*** Opening Provided records ***

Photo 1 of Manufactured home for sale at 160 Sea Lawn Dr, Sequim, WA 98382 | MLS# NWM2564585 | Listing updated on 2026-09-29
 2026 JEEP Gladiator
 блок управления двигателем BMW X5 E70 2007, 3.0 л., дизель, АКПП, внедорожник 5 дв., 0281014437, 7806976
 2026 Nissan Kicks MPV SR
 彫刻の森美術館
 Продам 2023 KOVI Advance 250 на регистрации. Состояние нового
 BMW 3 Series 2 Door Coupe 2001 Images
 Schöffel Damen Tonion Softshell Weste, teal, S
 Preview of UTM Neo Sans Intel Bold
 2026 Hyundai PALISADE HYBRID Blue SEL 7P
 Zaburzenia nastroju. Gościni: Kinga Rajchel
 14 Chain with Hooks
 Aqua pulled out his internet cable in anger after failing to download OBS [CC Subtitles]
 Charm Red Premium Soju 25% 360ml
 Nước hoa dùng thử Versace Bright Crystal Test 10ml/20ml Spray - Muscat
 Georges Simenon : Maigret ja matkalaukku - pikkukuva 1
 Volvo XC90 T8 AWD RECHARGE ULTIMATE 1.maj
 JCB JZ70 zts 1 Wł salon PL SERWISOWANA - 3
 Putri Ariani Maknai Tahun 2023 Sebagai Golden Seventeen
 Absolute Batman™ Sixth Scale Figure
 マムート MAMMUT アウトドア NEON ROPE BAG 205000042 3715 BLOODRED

*** Closing Provided records ***

From beginning to end, the data must be duplicated exactly.

Photo 1 of Manufactured home for sale at 160 Sea Lawn Dr, Sequim, WA 98382 | MLS# NWM2564585 | Listing updated on 2026-09-29
 2026 JEEP Gladiator
 блок управления двигателем BMW X5 E70 2007, 3.0 л., дизель, АКПП, внедорожник 5 дв., 0281014437, 7806976
 2026 Nissan Kicks MPV SR
 彫刻の森美術館
 Продам 2023 KOVI Advance 250 на регистрации. Состояние нового
 BMW 3 Series 2 Door Coupe 2001 Images
 Schöffel Damen Tonion Softshell Weste, teal, S
 Preview of UTM Neo Sans Intel Bold
 2026 Hyundai PALISADE HYBRID Blue SEL 7P
 Zaburzenia nastroju. Gościni: Kinga Rajchel
 14 Chain with Hooks
 Aqua pulled out his internet cable in anger after failing to download OBS [CC Subtitles]
 Charm Red Premium Soju 25% 360ml
 Nước hoa dùng thử Versace Bright Crystal Test 10ml/20ml Spray - Muscat
 Georges Simenon : Maigret ja matkalaukku - pikkukuva 1
 Volvo XC90 T8 AWD RECHARGE ULTIMATE 1.maj
 JCB JZ70 zts 1 Wł salon PL SERWISOWANA - 3
 Putri Ariani Maknai Tahun 2023 Sebagai Golden Seventeen
 Absolute Batman™ Sixth Scale Figure
 マムート MAMMUT アウトドア NEON ROPE BAG 205000042 3715 BLOODRED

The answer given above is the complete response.